Russet Potatoes vs Yukon Gold

These horseradish mashed potatoes can easily be made with either russet potatoes or Yukon gold potatoes. I tend to use russets because they’re easily accessible year-round, as well they tend to cook faster than Yukon golds as well. However due to their starchy nature, Russet potatoes tend to absorb a lot of liquid and are more prone to falling apart to mush. Due to this, it is important that they are not cut into too small of pieces. I cut mine in half length-wise, then cut each half into 3-4 pieces. Then it is also important to be extra vigilant when boiling the potatoes as well. When you think the potatoes are on the verge of being done, keep checking them with a fork, and immediately drain them the moment they become fork-tender.

These mashed potatoes are creamy, fluffy, and cheesy! Made with horseradish, thyme-infused cream, and a bunch of cheese!
These mashed potatoes are creamy, fluffy, and cheesy! Made with horseradish, thyme-infused cream, and a bunch of cheese!

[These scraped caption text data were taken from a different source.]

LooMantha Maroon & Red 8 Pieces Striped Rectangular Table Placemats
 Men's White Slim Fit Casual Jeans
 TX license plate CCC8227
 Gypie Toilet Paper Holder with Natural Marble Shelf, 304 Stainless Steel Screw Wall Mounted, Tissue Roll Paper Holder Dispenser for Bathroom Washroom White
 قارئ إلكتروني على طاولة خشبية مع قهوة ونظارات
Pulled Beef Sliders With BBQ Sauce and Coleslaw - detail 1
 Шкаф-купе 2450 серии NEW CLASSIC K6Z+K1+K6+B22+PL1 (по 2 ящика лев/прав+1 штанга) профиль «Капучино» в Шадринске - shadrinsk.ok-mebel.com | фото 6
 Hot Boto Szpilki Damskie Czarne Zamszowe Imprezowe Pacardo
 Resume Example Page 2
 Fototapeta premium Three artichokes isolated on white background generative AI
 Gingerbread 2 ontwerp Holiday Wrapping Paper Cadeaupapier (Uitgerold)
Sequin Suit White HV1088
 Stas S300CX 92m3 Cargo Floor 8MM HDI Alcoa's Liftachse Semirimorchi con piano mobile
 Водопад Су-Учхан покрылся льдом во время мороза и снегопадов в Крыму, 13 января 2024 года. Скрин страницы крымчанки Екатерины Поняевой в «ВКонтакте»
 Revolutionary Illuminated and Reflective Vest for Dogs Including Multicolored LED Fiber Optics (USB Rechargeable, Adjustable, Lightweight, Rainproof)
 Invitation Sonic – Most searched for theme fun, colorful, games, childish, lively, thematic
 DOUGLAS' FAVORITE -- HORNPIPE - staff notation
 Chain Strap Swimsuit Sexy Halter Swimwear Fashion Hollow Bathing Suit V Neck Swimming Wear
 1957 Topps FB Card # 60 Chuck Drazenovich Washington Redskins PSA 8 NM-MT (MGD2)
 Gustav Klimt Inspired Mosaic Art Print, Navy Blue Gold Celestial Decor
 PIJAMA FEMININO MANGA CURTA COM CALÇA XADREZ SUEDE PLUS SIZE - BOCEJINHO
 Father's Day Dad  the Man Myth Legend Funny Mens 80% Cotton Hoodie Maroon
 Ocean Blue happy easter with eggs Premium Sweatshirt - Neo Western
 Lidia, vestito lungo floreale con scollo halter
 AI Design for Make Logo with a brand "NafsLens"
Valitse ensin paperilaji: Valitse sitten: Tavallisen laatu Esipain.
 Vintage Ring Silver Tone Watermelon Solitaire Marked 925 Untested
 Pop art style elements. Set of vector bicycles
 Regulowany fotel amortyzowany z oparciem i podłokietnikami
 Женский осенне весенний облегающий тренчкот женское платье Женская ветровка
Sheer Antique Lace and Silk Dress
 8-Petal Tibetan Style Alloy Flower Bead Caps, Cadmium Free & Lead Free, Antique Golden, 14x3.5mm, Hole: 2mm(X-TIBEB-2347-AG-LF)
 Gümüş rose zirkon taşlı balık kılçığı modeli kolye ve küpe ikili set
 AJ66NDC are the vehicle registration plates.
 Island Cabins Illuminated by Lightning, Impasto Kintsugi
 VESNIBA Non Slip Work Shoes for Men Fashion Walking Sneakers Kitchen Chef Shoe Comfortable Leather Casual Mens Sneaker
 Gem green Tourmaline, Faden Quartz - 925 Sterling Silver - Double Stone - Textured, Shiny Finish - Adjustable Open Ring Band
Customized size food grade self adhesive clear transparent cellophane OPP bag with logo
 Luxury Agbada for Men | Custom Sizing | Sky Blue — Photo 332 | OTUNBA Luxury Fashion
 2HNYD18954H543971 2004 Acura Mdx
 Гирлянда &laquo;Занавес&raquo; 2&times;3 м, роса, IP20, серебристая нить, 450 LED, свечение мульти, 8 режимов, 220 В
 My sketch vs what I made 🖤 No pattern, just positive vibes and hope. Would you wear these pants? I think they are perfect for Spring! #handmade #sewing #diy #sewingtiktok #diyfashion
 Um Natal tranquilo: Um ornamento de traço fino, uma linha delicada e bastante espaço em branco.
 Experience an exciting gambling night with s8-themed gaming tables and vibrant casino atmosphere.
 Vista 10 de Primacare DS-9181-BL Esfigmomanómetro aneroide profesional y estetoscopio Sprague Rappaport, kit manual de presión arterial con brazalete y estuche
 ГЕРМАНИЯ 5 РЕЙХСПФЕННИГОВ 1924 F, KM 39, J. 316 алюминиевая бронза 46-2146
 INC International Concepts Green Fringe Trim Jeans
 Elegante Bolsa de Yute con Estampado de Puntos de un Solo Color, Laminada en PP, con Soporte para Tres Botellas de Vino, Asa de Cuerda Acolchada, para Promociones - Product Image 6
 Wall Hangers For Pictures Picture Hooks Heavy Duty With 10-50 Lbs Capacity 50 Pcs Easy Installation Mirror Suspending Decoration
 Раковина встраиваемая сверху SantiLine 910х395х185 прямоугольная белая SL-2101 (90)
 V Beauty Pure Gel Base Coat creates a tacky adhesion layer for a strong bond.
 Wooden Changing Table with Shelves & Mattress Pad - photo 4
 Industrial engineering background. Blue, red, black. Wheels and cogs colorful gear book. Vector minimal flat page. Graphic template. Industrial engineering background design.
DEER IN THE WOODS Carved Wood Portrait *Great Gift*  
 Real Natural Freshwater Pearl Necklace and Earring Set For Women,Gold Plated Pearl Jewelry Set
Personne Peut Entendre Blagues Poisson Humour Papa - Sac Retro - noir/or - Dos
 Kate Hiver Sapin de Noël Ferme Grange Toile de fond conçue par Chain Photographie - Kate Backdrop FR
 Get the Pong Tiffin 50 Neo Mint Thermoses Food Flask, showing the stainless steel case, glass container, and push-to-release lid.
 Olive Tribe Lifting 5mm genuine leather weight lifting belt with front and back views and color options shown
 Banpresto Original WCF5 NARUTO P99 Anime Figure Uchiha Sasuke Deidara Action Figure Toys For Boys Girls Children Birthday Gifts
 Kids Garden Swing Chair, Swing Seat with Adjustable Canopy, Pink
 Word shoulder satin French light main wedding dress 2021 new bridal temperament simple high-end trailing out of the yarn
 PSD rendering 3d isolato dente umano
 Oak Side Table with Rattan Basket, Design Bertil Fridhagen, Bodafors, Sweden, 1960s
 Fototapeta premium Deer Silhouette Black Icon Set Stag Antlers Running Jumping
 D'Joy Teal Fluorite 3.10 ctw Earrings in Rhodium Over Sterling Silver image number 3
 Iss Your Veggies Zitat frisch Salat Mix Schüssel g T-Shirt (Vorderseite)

Get the Recipe: Cheesy Horseradish Mashed Potatoes

5 stars (1 review)
These mashed potatoes are the perfect side dish to any dinner! They are fluffy, creamy, and of course a whole lotta cheesy!
Prep Time: 5 minutes
Cook Time: 25 minutes
Total Time: 30 minutes
Servings: 4 servings

Ingredients
 

  • 4 Russet Potatoes
  • A handful of salt
  • 2 Bay Leaves
  • 2 cups Half & Half Cream
  • 10-12 Sprigs of Fresh Thyme
  • 6 tbsp Unsalted Butter
  • 1/3 cup Full-Fat Sour Cream
  • 4 tsp Prepared Horseradish
  • 1 Block Bothwell Horseradish Cheddar,, shredded & divided
  • 1/2 cup Shredded White Aged Cheddar,, divided
  • Salt & Pepper,, to taste

Instructions
 

  • In a small sauce pan over medium heat add cream and fresh thyme. Allow to simmer for about 15-20 minutes, or until it has reduced by half. Ensure you stir frequently to ensure it does not boil over. When reduced strain the thyme out with a fine mesh strainer.
  • Meanwhile, Place potato pieces and bay leaves into a large pot, and cover with enough water so that the water is 1 inch over the potatoes. Add enough salt to the water so that the water is similar to seawater. Place over medium-high heat and cook until potatoes are fork-tender.
  • Preheat oven to 425°Drain potatoes with a colander, and discard the bay leaves. Using a potato ricer or a masher, mash the potatoes back into the empty pot. Add butter, infused cream, sour cream, horseradish, ½ of the Bothwell Horseradish Cheese, and ½ of the aged white cheddar to the pot, and mix well until completely combined (using a hand-mixer makes very easy work of this!). Season with salt and pepper, and place into a baking dish. Sprinkle the top with the remaining cheese and place into the oven for 15-20 minutes, or until the cheese is bubbling and beginning to brown.